Quantum Information Science at the Nanoscale
Organizers: Stefano Cabrini*, Erika Penzo, Colin Ophus
From many parts of society there is growing demand for fully functioning quantum information systems, but many fundamental and practical discoveries are still needed before these systems can be realized. In particular, nanoscale investigation techniques and qubit fabrication must be developed, along with new material discoveries, in support of quantum computing. Quantum sensors and actuators will open new paradigms to navigate the nano-scale world with remarkable precision and sensitivity. Such tools will be invaluable to the development of true quantum information processors. We are entering the quantum era and we start to see that the possibilities ahead look like limitless.

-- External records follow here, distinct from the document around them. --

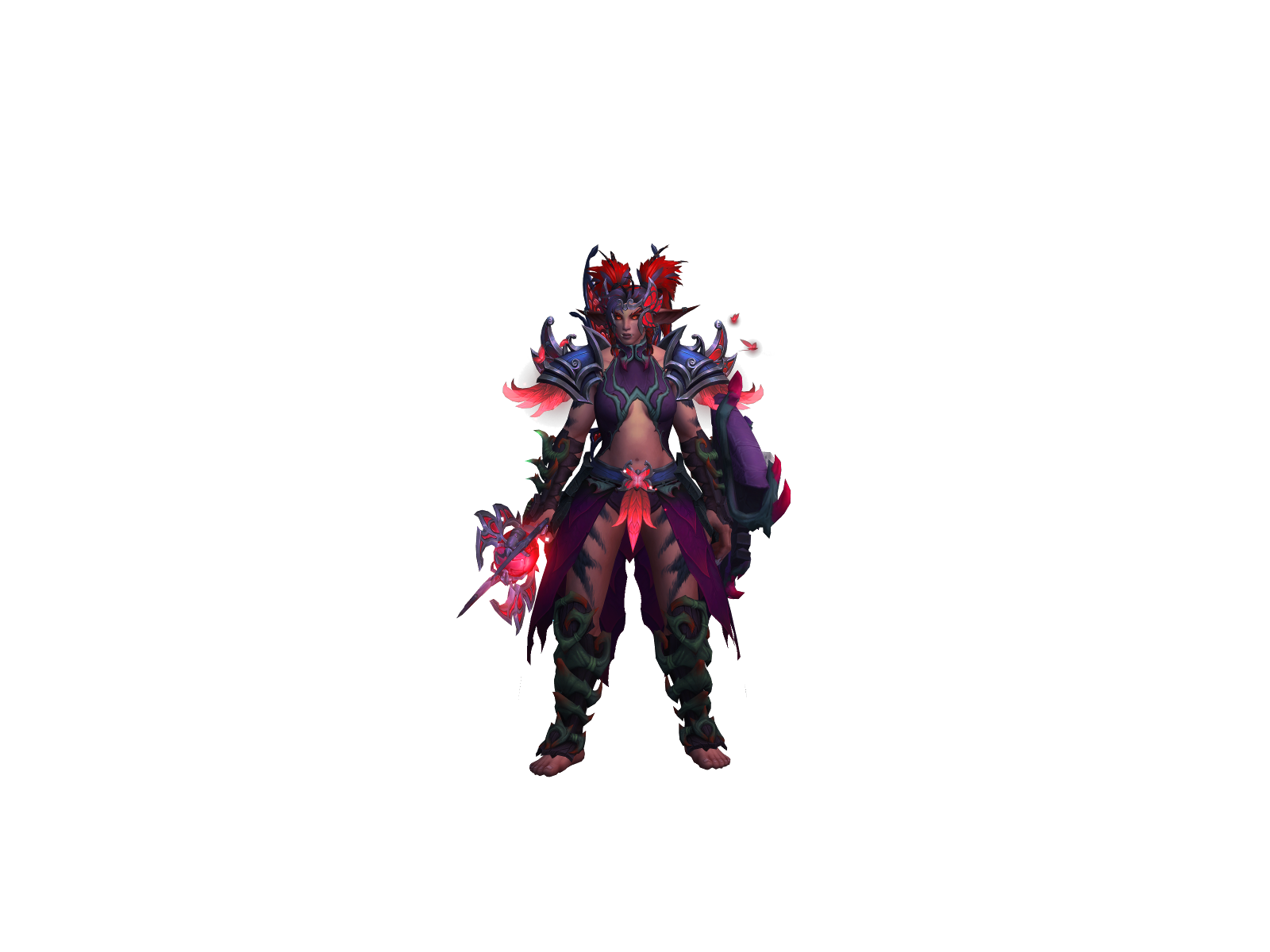 Ayama 3D character render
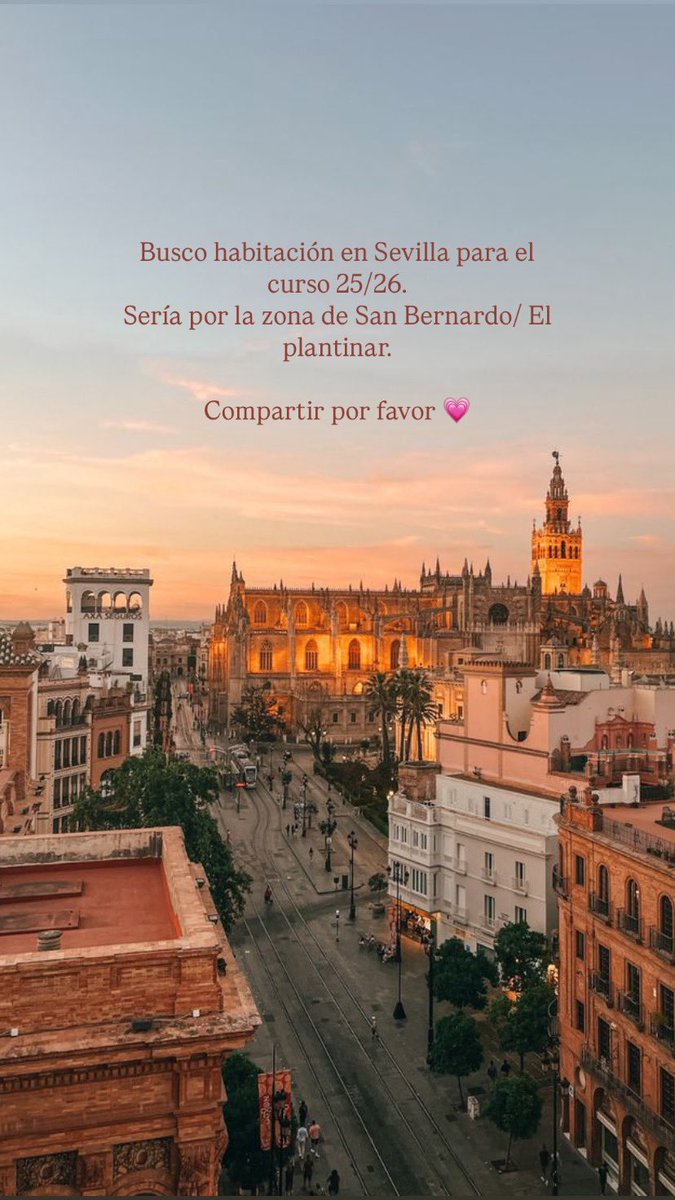violeta_mf's tweet photo. #pisosevilla #pisoUs #Sevilla #pisoestudiantes #dondeyquestudiar2025 https://t.co/2JC0R7dlJr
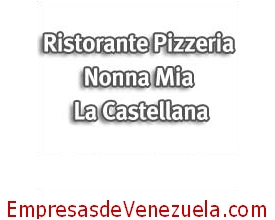 Ristorante Pizzeria Nonna Mia La Castellana en Caracas Distrito Capital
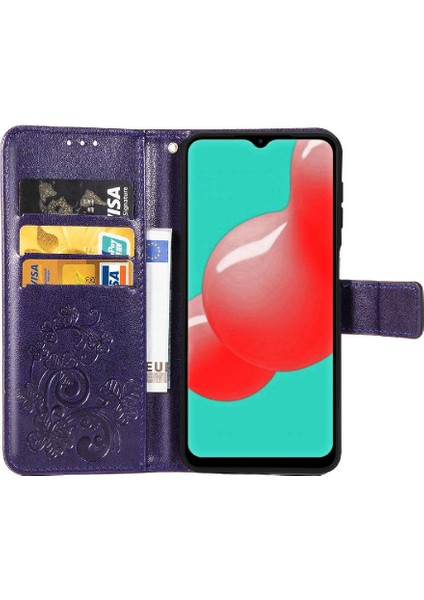 Samsung Galaxy A32 5g Zarif Iş Dört Yapraklı Yonca Deri (Yurt Dışından) fırsatları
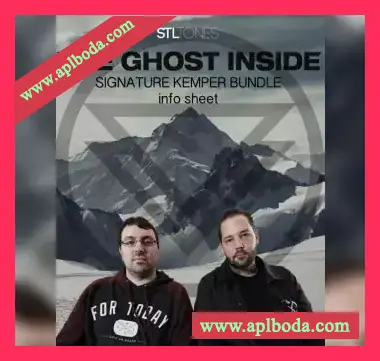 [吉他放大器预设金属摇滚]STL Tones The Ghost Inside Kemper Bundle（13Mb）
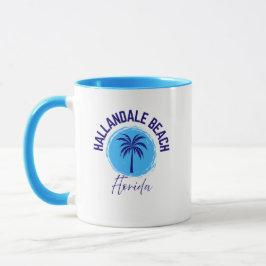 Taza Hallandale Beach Florida Coffee Mug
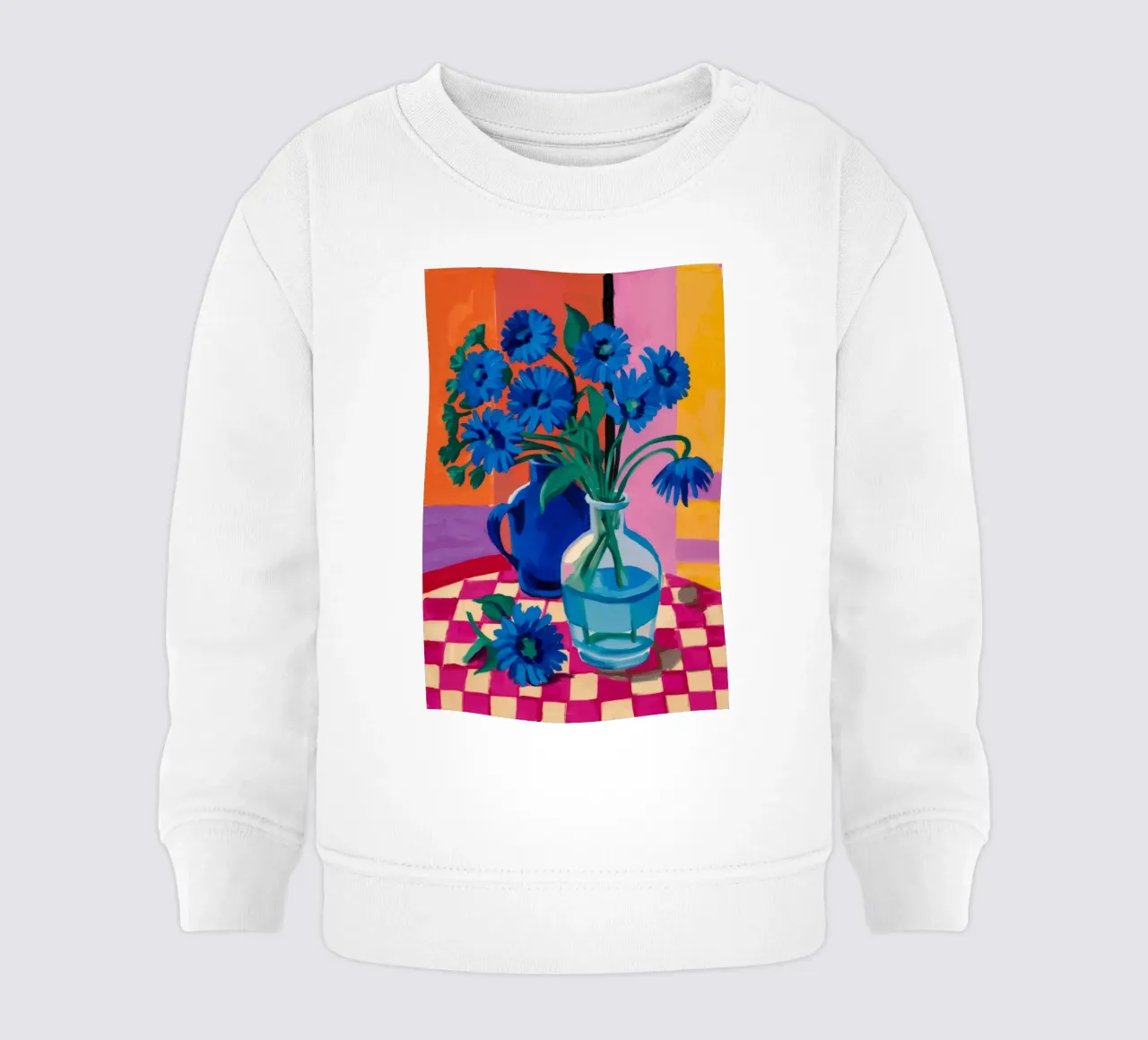 Astro della brocca azzurro felpa neonato da Pan Denim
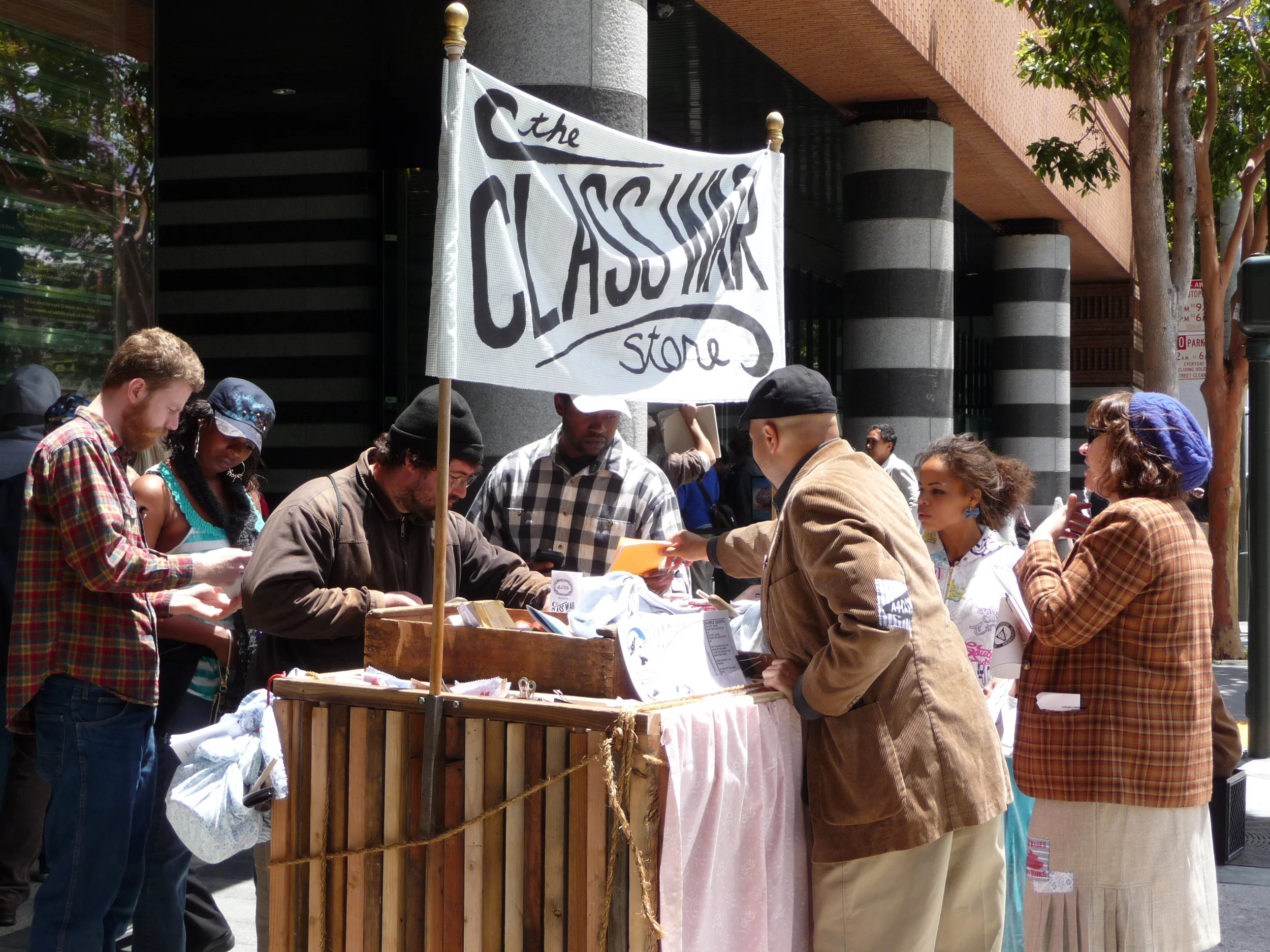 Class War Store (2011)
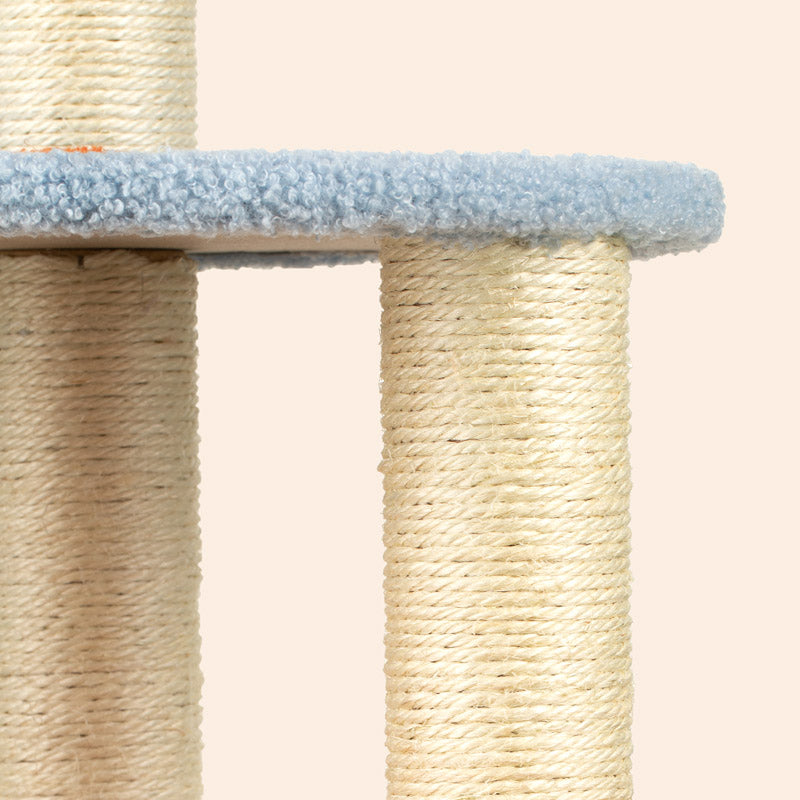 Owl Pattern Cat Tree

Mark Kasevich, Stanford University
Alessandra Lanzara, Berkeley Lab
David Pappas, NIST
Rational Design of Photo-Electrochemical Energy Materials
Organizers:Sherry Zheng*, David Prendergast, and Francesca Toma
The efficiency with which renewable fuels and feedstocks are synthesized from solar and electrical sources is limited at present by the sluggish theory to guide rational design of novel materials. The goal of this workshop is to bring together a group of scientists to exchange ideas and discuss the rational design rules in photo-electrochemical systems.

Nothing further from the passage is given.